— Production poster
A MIDSUMMER’S NIGHT DREAM
If you like your Shakespeare boisterous, if you like athleticism on stage to take precedence over thoughtful delivery of text—with token zombies tossed in for good measure—this rambunctious rendering of A Midsummer’s Night Dream, as directed by Scott Bellis, is just the ticket.
The conceit that Bottom and Puck and Oberon and Hermia have all been transported to Transylvania allows for some charming costume design from Naomi Sider and there’s a dazzling opening number that elevates expectations, so only a party-pooper would suggest that a vampirical theme is expendable whimsy. Nobody can say for certain that Shakespeare himself might not have approved.
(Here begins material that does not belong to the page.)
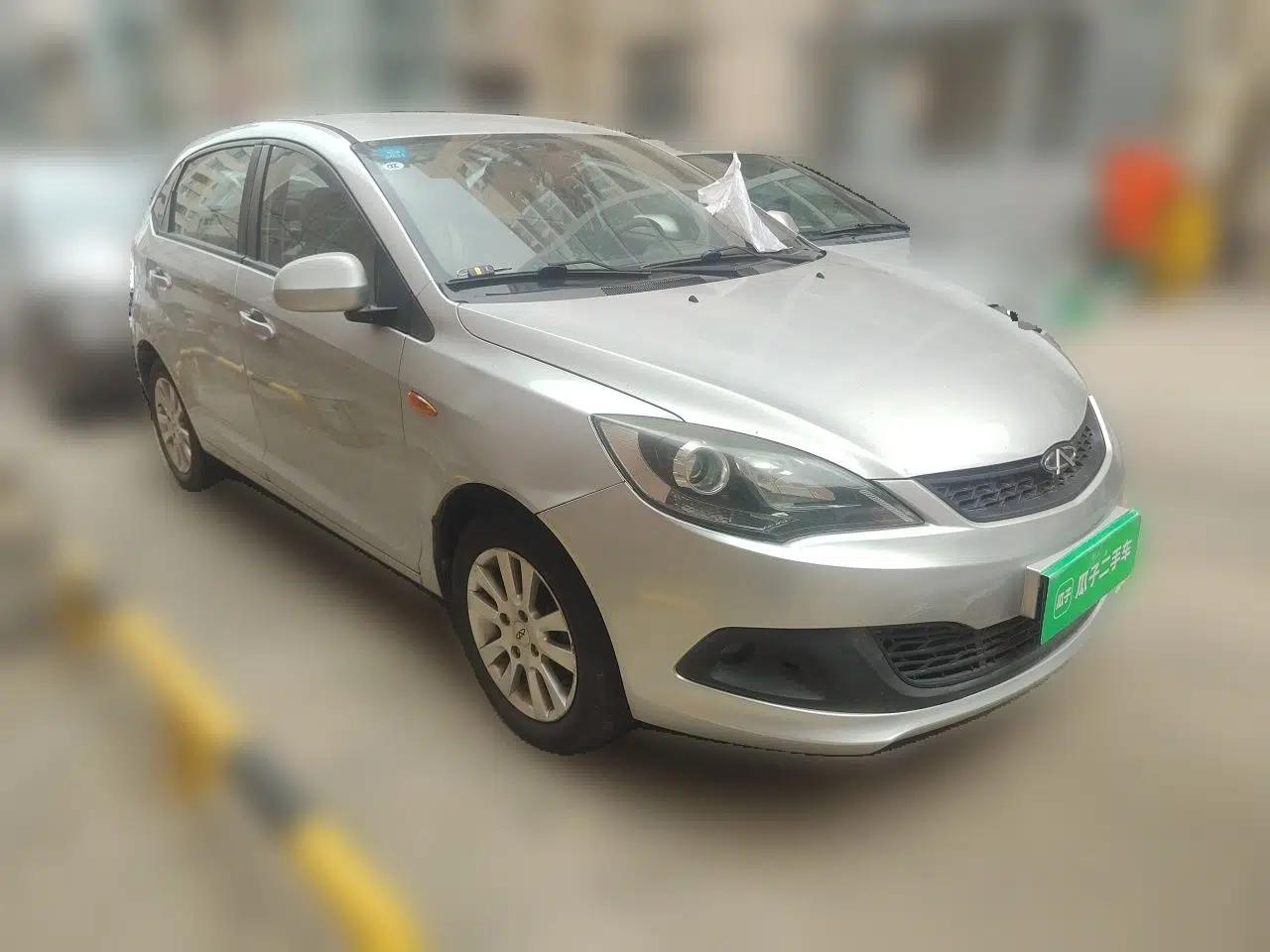 Chery Fengyun 2 2013 Hatchback 1.5L AMT Ruìyì Edition — миниатюра 3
The considerable choreography of Tara Cheyenne Friendenberg generates a carnival atmosphere with minimal technology. It’s indicative of this production’s resolve to entertain that the audience rewarded the energetic cast with spontaneous applause once—and that was in response to a fight scene when Lauren Jackson as Hermia proudly exits victorious with the aplomb of a WWF winner.
Casting must be uneven when you are assigning so many roles to a limited pool of players. Invariably at Studio 58, someone who has excelled in a previous production can appear lost in the next play; some inappropriate roles appear as cumbersome as ill-fitting clothes. No need for elaboration.
There are enough highlights to err on the side of generosity. Invariably the self-glorifying Bottom is the plum role, but we’ve seen it done so many times that it’s hard to make it fresh. Erik Gow manages to ham it up with his own style of brash comedy, adding some delightful donkey winnowing in his voice. He is impressive throughout, avoiding turning Bottom into a vaudeville freak show.
Both female love interests, the aforementioned Jackson as Hermia and Siona Gareau-Brennan, gather strength and poise, but this production’s lack of convincing coupledom is perhaps its main weakness. Only Anthea Morritt as Titania and Dominic Duchesne as Oberon appear as a credible match.
Duchesne’s Oberon is the most watchable performance. Whether he’s hanging upside down on a rope or bellowing instructions, it’s his physicality that impresses more than any aptitude for text. The sprightly Lili Beaudoin as his mischievous Puck is the perfect counterpart; acrobatic and otherworldly, like a circus performer rather than an actor.
A Midsummer’s Night’s Dream has been done to death, so maybe it makes some sort of ghoulish sense to revive it in the woods of the Carpathian Mountains, but this rendition could do with less fighting and more kissing. Cupid is a knavish lad. Thus to make poor females mad. It’s a story of convoluted plot lines, but we have to care about the romance nonetheless; if we only accentuate the comedy, and dispense with any concern for sexual chemistry, it verges on slapstick.